Nigerians are no longer kidding themselves this aberration can be wished away. For crying out loud, the Fulani herdsmen had proven themselves to be the new death squads in town.
By the time help got to the unsuspecting villagers in Guma and Logo local government areas of Benue State on Tuesday, January 2, 2018, over 50 people had been killed in cold blood by attacking herdsmen. The assault on Logo began at about 10 a.m. on New Year day.
The attacker shot sporadically at worshippers coming out of the church. The killings continued the next day, prompting a nationwide anxiety. People were killed and houses razed. Some of those killed had their throats slit, eyes and private organs removed, butchered like animals. The gory pictures evoked a national outcry.
What prompted the apocalypse?

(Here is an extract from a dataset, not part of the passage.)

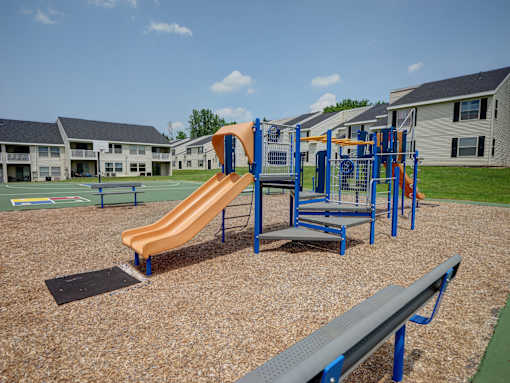 A playground with a slide, monkey bars, and a bench.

Governor Sam Ortom had in November 2017, signed the Anti-Open Grazing and Anti-Kidnapping, Abduction, Cultism and Terrorism Bills into law with the aim to end the incessant clashes between herdsmen and farmers in Benue. How wrong he was! The Benue landscape, at present, wears the semblance of a state at war.
A distraught Governor Ortom had openly wept profusely at the scene of the attacks and had called on President Buhari to protect his people from the hands of the bloodthirsty herdsmen.

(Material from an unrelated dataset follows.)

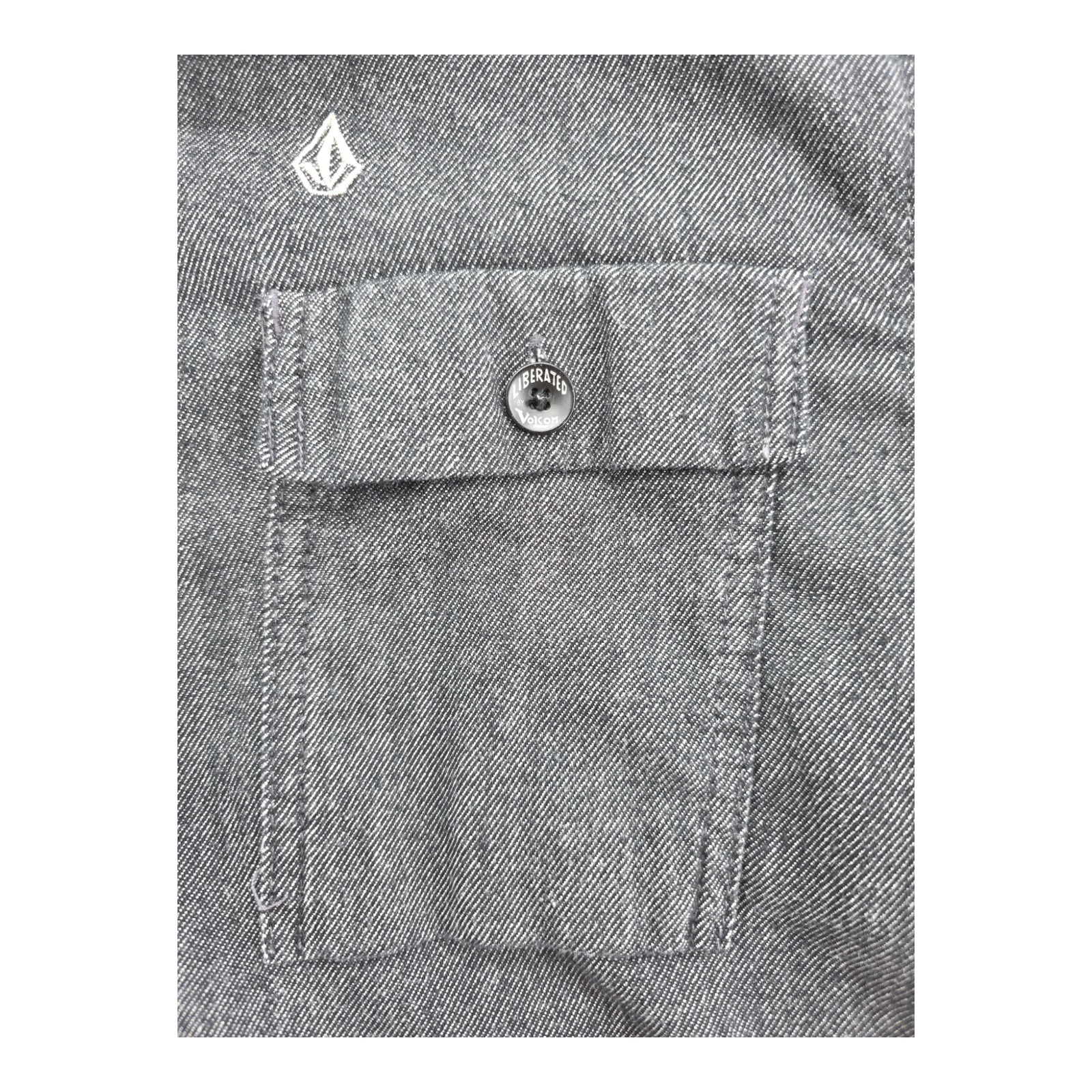 Volcom Mens Gray Chambray Shirt Long Sleeve Button Up Cotton Size M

This siege on the nation is surprisingly coming at a time when the country should feel most secure under Buhari, who is easily the most feared among the ageing breed of ex-military leaders, who incidentally rode into democratic office on the of security. The situation speaks volume of leadership failure, failure of intelligence gathering and a failure of the security apparatus of the state.
That is why the affront to the populace by non-state contenders now intensifies. Their boldness is shown in their routine encroachment into areas that used to be the exclusive preserve of governments. Imagine, kidnappers now wear uniforms, army fatigues. Fulani herdsmen, once synonymous with wooden staff, are now Ak-47-toting grim reapers.
Yet we cannot not resign and allow impunity to take over the land. At a time things were getting out of hand in Ekiti State, Governor Ayodele Fayose challenged the herdsmen menace with all the administrative machinery at his disposal.
He demonstrated, in law and in action, that Ekiti remains an out-of-bounds zone for free-ranging cattle rearers. Herdsmen signed an undertaking to obey the anti-grazing law. Within months, Ekitiland regained its normalcy.
The road to the restoration of national security and order will involve difficult choices or even draconian measures. There is hardly a reason to wait for a sluggish commander-in-chief to call his Fulani kin to order. It is now every governor’s call. After all, a governor is the chief security officer of his state. Governors of beleaguered states should take a close look at the Fayose Model.